In my limited experience, the brand-name Western fashion labels are no less expensive in Asia than in the States, if you shop at a legitimate department store. There are knock-offs of just about everything you can imagine, from iPhones to running shoes to DVDs to Smart ForTwo automobiles, but the quality is often suspect and there’s a remote chance the items could be seized by customs on your return. I actually saw a list of the top ten iPhones clones somewhere on the Internet, which suggests there are a lot more than ten. Some copy the design down to the Apple logo. 

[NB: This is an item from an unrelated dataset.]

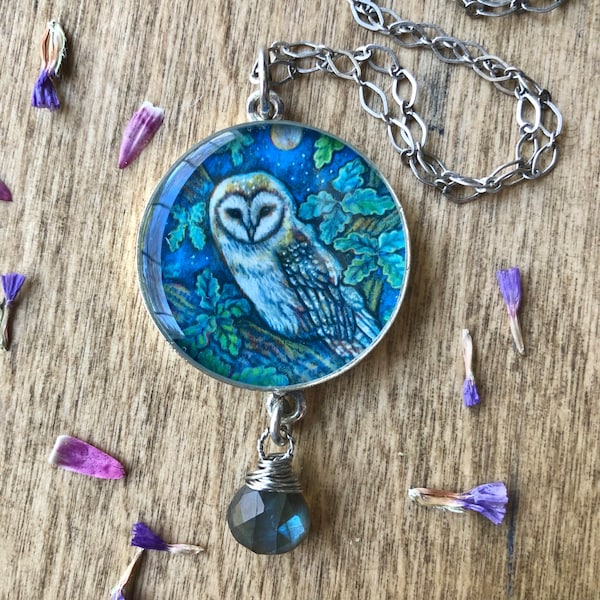 Silver Owl pendant, oak tree art, barn owl painting, labradorite necklace, handmade owl jewelry, unique nature gift for her, forestcore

Sizes can be a problem, particularly if you’re a bodybuilder, obese or unusually tall. This can reportedly be an issue with anything from motorcycle helmets to condoms. I still pump iron, although not as diligently as I used to. While I’m nowhere near the size of the guys who compete, an XXXL shirt bought in Thailand is tight around the shoulders and chest. I like to get t-shirts with custom-embroidered slogans, which is cheap at a shop I found that doesn’t charge the hundred-dollar set-up fee imposed by many shops in the States. I brought a dozen blank shirts from the States because I can’t find t-shirts in my size. 

You can’t fling a copy of GQ down the street without hitting at least one custom tailor, or one of the hawkers standing outside the shop trying to corral tourists, but another thread suggests many of them may have quality issues.


----------